I would like to see his previous owners explain these pictures to me!


----------



## MeanneyFids (Aug 24, 2010)

he's adorable!! no bird is untameable!


----------



## bjknight93 (Nov 13, 2011)

I agree! Any bird can be tamed, if you use the right method.


----------



## Kirby_the_Tiel (Jul 2, 2012)

Kirby is timid because he was abused by his past owner, but he has alot of potential and is very affectionate. We love him so much!


----------



## Philwalters (Feb 16, 2012)

Congratulations, patience is a virtue.


----------



## bubbleslove (May 27, 2012)

Kindness and Patience are very important ingredients ...... But Love is the Essence


----------



## Ghosth (Jun 25, 2012)

Patience, persistence, perseverance and loads of love will do the job


----------



## vampiric_conure (Jul 8, 2012)

It's awesome seeing you rewarded with your hard work!
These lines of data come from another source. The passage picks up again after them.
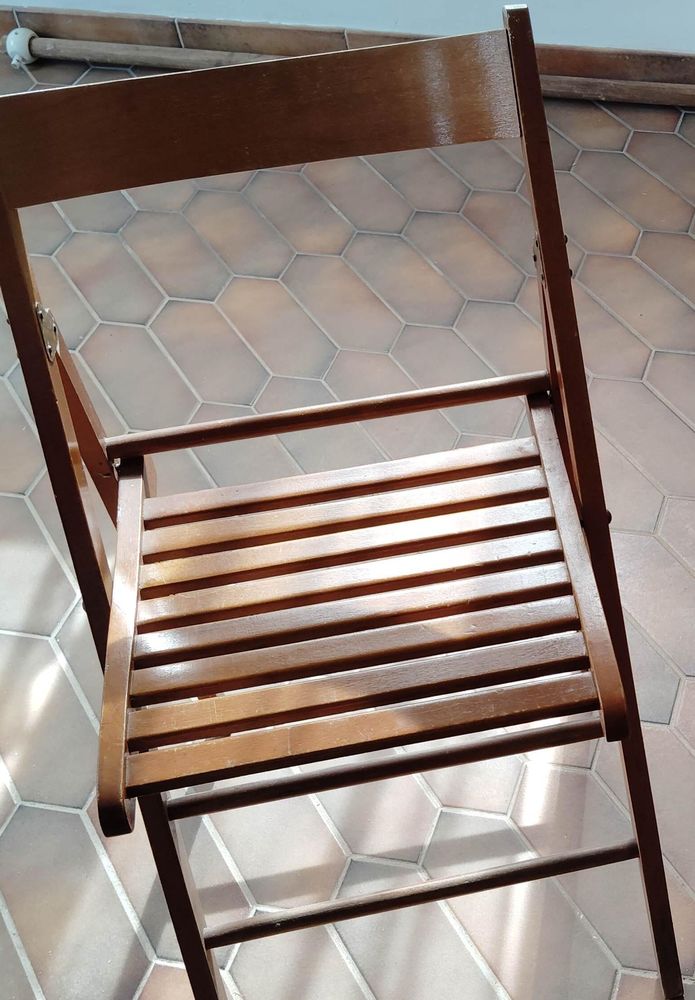 chaises bois pliantes d'int�rieur ou d'ext�rieur  la paire 20 Pontoise (95)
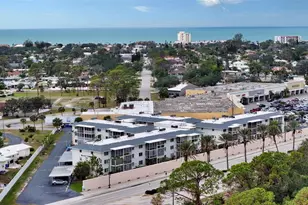 708 Tamiami Trail S, Venice, FL 34285 - Photo 30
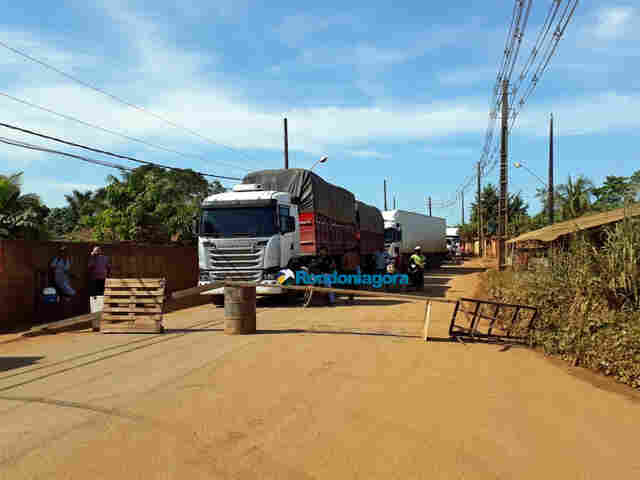 Vídeo: Moradores bloqueiam Estrada do Belmont para exigir melhorias e asfalto na via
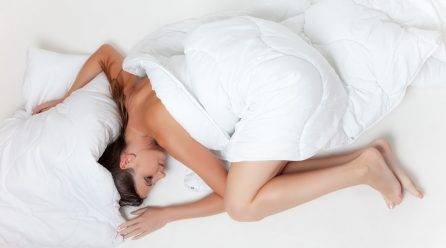 Insonnia estiva: come combatterla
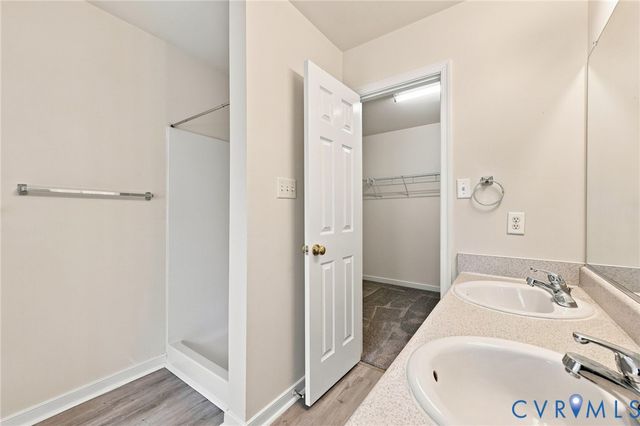 15718 Pypers Pointe Dr, Chesterfield, VA 23838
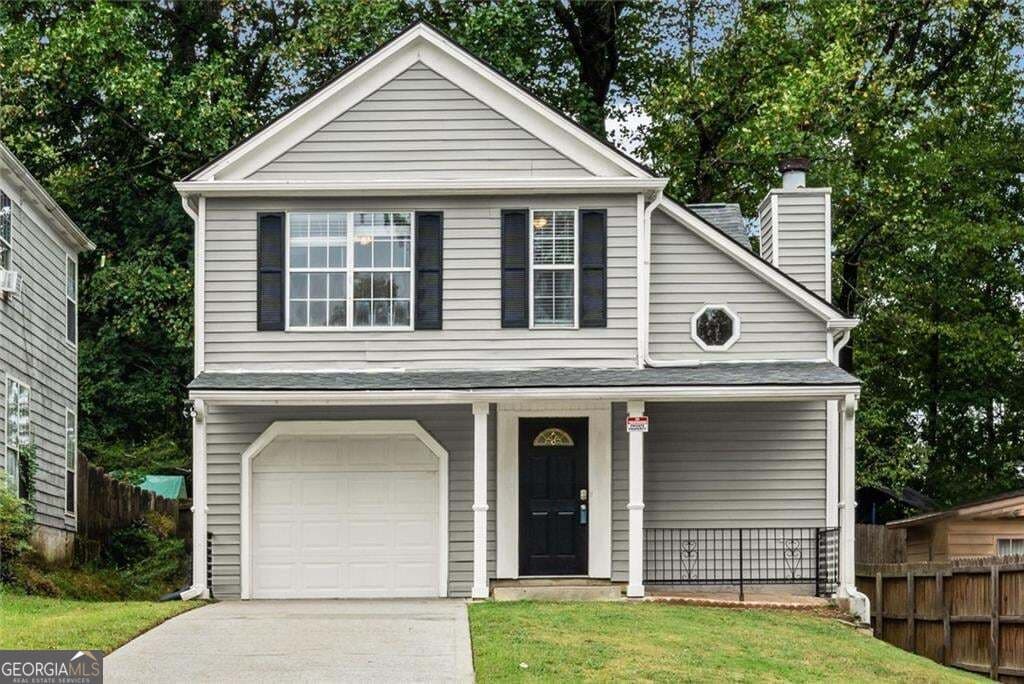 3 bedroom, 2.5 bathroom, 1,532 sq ft single family residence for sale at 1180 Holly Circle, Lawrenceville, GA 30044 — photo 1 of 30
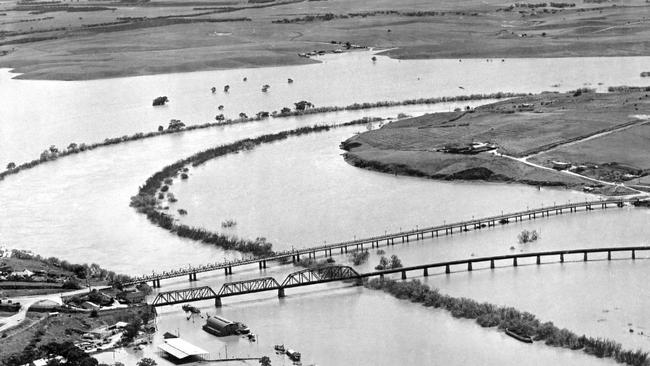 1956: Aerial view of the flooded Murray River at Murray Bridge in 1956.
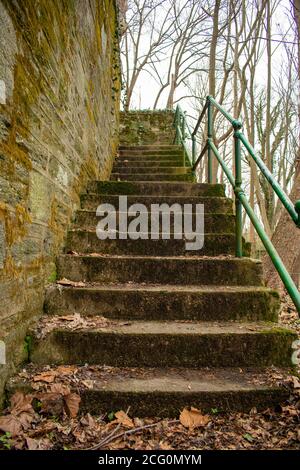 Vue sur un ancien ensemble d'escaliers Cobblestone avec un Wall à côté dans un parc dans la banlieue de Pennsylvanie Banque D'Images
I have to work on Bluestreak. He's very timid around me. I hope one day he'll join me at the computer for some treats with the handfeds


----------



## lperry82 (Aug 2, 2010)

Congrats he is adorable


----------



## Scribbles (Jun 28, 2012)

That's wonderful. Go Kirby!


----------



## JaimeS (Nov 28, 2011)

Great progress, Kirby is gorgeous


----------



## sunnysmom (Sep 23, 2011)

I'm glad to hear and see  that things are going to well with Kirby. He is a cutie.


----------